After make-shifting the quarterback position since the retirement of Andrew Luck, the Colts have secured the position for years to come.
Indianapolis acquired quarterback Carson Wentz from the Philadelphia Eagles in exchange for a 2021 third-round pick and conditional 2022 2nd round pick.
The latest move by Colts GM Chris Ballard reunites Wentz with head coach Frank Reich, who served as Wentz’ offensive coordinator in 2016 and 2017.
In 2020, Wentz’ production dipped dramatically from the heights he reached in 2017 with Reich, when he set the foundation for the Eagles Super Bowl championship. With that said, not all the blame for the Eagles struggles should be blamed on the 28-year old QB.
Outside of his horrid 2020 campaign, Wentz has played solid football in his career
In his two seasons with Reich as his offensive coordinator, Wentz completed 61.5% of his passes, threw for 49 touchdowns, and produced an 88.8 quarterback rating.
After Reich left for Indianapolis, Wentz’ seemingly worked with a team filled with backup offensive lineman and third-string receivers. Even still, Wentz led the Eagles to two playoff appearances in three seasons and a division title in 2019.
There is little doubt that the Colts made the right move trading for Wentz, for a number of reasons.
1) The relationship of Frank Reich. If any coach in the league knows about Wentz’ from a physical or mental perspective, it’s Reich. The Colts decision to acquire him affirms fans that Indianapolis has done their due diligence and the reunited pairing has great potential.
2) The upside of Wentz. At just 28 years of age, Wentz’ prime years are still ahead of him.
Of course we cannot erase the 2020 campaign yet objectively, Wentz has been a top-10 quarterback since 2017. After posting the fourth-best quarterback rating in 2017 (101.9), Wentz ranked seventh (102.2) in 2018 and 13th (93.1) in 2019 respectively.

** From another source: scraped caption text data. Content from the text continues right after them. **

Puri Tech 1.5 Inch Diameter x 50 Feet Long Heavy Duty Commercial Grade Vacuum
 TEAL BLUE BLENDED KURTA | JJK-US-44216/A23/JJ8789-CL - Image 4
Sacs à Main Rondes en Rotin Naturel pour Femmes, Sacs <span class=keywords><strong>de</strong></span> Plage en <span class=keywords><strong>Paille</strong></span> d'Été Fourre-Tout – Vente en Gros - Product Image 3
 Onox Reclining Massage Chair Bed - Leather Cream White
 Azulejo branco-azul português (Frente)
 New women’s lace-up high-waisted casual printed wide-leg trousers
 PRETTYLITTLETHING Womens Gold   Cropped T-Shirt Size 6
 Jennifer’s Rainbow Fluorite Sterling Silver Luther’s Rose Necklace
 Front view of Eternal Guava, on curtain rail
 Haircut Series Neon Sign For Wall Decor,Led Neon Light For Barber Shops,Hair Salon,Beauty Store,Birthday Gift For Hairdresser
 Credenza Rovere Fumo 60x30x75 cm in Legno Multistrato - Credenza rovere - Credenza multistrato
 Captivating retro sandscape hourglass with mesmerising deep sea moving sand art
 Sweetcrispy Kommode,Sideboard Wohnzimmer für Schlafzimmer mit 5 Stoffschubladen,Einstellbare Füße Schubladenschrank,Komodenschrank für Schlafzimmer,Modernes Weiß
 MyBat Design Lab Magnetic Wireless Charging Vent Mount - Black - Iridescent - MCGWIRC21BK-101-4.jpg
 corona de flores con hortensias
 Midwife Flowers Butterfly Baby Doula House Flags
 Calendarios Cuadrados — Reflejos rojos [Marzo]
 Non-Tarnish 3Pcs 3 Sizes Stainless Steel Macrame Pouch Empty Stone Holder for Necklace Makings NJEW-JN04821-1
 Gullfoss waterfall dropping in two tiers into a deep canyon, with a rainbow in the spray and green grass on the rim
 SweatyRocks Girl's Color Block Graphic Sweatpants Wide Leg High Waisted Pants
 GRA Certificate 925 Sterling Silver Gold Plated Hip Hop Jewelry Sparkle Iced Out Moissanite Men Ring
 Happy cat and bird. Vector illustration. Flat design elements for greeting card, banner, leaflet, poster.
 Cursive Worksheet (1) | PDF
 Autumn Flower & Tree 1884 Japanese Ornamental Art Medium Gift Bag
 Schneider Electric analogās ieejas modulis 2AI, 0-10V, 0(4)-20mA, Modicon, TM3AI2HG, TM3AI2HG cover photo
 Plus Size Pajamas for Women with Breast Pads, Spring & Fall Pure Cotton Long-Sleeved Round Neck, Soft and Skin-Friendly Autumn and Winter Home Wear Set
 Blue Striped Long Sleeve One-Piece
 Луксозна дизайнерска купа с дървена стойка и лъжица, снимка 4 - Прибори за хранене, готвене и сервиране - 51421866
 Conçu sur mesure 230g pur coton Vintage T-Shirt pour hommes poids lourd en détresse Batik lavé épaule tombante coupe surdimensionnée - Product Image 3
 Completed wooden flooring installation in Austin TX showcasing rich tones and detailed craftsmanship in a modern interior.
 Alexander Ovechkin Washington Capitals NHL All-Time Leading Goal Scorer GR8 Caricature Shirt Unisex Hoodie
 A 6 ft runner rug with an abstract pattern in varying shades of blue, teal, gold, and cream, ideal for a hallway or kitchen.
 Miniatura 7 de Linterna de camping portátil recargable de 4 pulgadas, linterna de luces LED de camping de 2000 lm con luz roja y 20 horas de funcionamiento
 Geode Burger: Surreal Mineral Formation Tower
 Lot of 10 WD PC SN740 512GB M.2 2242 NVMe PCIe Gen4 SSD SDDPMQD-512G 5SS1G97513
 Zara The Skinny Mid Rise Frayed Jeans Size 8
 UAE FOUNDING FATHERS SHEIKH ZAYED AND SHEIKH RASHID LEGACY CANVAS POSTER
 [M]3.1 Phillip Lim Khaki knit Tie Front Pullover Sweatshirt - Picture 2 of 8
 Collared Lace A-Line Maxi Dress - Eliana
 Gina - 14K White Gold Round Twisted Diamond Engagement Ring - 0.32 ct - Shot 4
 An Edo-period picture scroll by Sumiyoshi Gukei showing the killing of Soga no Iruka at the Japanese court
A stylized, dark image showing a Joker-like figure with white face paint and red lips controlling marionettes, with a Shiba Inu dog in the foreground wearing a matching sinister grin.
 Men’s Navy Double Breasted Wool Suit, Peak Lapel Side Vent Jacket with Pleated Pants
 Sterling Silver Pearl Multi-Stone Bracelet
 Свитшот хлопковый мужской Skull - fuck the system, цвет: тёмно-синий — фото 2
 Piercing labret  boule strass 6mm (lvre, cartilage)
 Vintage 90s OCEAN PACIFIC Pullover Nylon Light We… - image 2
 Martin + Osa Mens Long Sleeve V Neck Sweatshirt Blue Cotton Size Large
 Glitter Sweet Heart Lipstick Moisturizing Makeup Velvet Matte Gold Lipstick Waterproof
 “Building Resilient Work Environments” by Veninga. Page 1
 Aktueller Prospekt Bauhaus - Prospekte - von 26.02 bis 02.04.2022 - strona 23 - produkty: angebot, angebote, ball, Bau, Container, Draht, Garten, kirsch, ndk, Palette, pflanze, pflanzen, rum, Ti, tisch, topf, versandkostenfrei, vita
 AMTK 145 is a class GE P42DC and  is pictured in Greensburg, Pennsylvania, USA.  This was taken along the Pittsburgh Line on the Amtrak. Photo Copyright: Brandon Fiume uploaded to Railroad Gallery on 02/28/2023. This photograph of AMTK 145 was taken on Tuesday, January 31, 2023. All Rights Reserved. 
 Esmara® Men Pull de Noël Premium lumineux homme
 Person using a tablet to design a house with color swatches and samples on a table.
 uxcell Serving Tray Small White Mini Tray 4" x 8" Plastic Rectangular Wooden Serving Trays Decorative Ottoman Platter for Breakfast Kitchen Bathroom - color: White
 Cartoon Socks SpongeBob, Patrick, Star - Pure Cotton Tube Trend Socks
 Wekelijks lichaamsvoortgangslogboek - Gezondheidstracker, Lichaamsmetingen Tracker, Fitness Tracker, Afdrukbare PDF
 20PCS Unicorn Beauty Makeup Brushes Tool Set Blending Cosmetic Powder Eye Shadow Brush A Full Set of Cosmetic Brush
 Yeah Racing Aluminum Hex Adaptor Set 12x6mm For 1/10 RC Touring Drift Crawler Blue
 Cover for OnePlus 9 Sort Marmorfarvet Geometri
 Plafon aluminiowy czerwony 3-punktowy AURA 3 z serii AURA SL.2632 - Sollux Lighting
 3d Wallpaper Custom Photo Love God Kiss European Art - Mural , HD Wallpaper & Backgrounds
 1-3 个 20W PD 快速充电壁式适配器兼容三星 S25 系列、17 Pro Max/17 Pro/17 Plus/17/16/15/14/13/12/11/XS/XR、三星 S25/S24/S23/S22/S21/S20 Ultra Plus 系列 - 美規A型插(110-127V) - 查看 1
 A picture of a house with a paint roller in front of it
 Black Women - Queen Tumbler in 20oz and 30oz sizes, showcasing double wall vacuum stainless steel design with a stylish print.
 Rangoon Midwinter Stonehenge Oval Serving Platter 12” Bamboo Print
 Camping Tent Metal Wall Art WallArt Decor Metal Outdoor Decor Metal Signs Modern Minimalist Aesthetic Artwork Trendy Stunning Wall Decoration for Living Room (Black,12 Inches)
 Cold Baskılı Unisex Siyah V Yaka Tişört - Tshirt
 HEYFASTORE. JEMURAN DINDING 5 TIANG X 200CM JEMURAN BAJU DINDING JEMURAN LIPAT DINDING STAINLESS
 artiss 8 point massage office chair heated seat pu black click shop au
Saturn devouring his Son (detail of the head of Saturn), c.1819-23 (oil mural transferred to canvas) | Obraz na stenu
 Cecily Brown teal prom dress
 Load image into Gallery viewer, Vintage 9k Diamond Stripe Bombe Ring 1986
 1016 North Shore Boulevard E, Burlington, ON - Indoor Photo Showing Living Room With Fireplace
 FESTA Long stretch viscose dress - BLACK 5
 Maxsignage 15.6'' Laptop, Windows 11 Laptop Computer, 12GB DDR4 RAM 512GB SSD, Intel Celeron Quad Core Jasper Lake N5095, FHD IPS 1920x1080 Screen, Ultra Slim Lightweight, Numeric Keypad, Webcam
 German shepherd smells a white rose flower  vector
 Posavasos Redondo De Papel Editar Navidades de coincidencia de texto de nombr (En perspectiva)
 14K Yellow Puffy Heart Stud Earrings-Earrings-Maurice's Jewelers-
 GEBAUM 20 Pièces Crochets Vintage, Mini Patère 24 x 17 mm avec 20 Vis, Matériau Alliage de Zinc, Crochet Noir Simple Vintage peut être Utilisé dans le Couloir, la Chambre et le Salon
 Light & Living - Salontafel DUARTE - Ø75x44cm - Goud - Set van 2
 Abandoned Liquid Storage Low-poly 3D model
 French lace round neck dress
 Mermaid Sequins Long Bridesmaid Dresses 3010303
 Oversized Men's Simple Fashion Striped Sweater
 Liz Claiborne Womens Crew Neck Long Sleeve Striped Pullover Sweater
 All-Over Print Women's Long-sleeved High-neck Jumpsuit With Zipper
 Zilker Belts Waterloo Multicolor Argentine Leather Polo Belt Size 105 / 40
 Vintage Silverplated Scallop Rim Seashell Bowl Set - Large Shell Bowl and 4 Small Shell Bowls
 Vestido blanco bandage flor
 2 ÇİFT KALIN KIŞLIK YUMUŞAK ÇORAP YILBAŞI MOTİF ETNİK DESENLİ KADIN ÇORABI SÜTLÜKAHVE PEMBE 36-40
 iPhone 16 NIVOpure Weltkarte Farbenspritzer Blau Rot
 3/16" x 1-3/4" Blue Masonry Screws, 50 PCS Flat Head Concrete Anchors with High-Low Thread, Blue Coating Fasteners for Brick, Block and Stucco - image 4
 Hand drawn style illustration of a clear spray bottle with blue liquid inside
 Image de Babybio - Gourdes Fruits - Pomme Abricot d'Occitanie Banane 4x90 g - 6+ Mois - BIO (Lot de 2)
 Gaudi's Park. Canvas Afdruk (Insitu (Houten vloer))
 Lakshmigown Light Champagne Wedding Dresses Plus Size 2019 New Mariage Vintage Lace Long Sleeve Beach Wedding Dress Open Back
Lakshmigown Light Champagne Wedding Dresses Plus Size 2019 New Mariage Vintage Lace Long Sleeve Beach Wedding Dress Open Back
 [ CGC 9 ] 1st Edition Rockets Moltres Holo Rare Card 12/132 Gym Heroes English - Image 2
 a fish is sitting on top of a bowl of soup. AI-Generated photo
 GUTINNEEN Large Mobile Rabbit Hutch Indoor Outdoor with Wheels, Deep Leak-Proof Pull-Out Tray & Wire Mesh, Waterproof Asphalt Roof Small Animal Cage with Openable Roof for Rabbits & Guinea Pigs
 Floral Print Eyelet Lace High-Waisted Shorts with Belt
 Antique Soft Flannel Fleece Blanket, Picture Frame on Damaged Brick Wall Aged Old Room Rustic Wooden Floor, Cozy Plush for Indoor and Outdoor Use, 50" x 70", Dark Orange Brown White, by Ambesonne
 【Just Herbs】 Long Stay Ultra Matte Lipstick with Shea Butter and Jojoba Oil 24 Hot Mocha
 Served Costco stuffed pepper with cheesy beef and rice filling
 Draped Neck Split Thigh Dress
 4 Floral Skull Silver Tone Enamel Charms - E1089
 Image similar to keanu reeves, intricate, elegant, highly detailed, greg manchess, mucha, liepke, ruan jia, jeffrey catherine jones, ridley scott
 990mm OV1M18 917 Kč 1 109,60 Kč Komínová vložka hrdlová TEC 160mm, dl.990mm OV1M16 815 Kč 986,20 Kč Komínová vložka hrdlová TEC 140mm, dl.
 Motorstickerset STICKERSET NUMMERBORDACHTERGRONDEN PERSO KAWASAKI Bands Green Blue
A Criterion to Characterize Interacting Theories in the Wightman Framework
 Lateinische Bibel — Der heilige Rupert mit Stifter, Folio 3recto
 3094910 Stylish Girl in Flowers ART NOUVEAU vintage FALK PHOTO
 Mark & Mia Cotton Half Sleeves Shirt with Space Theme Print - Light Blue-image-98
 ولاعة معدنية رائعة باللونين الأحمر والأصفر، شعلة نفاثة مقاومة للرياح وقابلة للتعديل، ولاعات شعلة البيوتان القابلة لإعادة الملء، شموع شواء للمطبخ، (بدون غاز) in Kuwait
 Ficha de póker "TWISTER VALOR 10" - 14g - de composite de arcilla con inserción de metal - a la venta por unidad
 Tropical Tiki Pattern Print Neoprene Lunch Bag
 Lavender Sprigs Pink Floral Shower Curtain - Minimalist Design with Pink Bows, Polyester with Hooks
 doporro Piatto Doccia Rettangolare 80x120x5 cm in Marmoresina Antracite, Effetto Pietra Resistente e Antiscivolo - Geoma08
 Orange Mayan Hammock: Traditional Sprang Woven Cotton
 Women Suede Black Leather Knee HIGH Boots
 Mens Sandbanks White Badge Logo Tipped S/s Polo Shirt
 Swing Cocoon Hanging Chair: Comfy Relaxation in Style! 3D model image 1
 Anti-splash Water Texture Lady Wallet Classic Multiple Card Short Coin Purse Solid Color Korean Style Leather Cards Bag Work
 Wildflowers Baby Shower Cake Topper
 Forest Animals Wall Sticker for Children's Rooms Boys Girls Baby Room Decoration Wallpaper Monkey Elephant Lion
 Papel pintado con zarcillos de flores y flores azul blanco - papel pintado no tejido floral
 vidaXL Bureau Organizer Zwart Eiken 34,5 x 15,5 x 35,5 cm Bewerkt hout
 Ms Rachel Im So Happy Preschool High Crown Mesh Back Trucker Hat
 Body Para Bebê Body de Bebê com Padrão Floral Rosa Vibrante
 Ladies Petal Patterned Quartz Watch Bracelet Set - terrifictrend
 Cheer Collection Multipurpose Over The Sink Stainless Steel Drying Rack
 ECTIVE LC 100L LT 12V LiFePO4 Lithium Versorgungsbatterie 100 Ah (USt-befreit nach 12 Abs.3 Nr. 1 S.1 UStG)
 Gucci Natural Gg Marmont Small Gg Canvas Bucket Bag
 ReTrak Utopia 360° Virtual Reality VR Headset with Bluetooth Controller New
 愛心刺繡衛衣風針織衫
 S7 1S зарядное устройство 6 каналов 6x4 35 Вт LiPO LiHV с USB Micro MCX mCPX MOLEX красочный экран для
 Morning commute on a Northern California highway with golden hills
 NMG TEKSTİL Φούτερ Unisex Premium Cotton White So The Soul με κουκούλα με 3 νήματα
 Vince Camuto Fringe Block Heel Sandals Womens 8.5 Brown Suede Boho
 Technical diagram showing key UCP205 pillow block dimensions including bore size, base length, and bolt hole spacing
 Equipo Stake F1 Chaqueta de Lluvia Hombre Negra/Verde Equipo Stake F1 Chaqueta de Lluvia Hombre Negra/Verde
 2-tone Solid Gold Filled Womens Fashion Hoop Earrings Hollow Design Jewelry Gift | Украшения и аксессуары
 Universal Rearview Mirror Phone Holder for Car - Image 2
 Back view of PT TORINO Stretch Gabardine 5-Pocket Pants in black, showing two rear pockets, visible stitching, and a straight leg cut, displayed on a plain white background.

3) Low-risk, high reward. The Colts were considering drafting a franchise quarterback yet possessed the 21st overall pick. By only trading a third rounder, the Colts added a franchise quarterback at a low price tag.
The Eagles will carry Wentz’ $33.8 million cap hit in 2021 as the Colts will only possess a $25.4 million cap hit. (For reference, recently retired Phillip Rivers carried a $25 million cap hit in 2020.
With four year remaining on Wentz’ contract, the Colts will not eclipse $26 million against the cap and have the option to part ways after 2022.
Not only has Indianapolis secured their starting quarterback for the foreseeable future, they still possess the 21st overall pick and can fill the void left behind by tackle Anthony Castonzo. The Colts have the 50th overall pick as well.
All subjectivity aside, the new change of scenery for Wentz gives him the opportunity to regain his footing in a league where he nearly secured an MVP trophy. The conditional 2022 second rounder would become a first-rounder if Wentz plays in 75% of the snaps next season or he plays in 70% of snaps and the Colts make the playoffs. Indianapolis would only lose the first-round selection if Wentz is healthy or if they make the playoffs, which is a great move in favor of the Colts.
The Colts became a better team today and Indy fans should be hopeful, if not eager, for the 2021 season.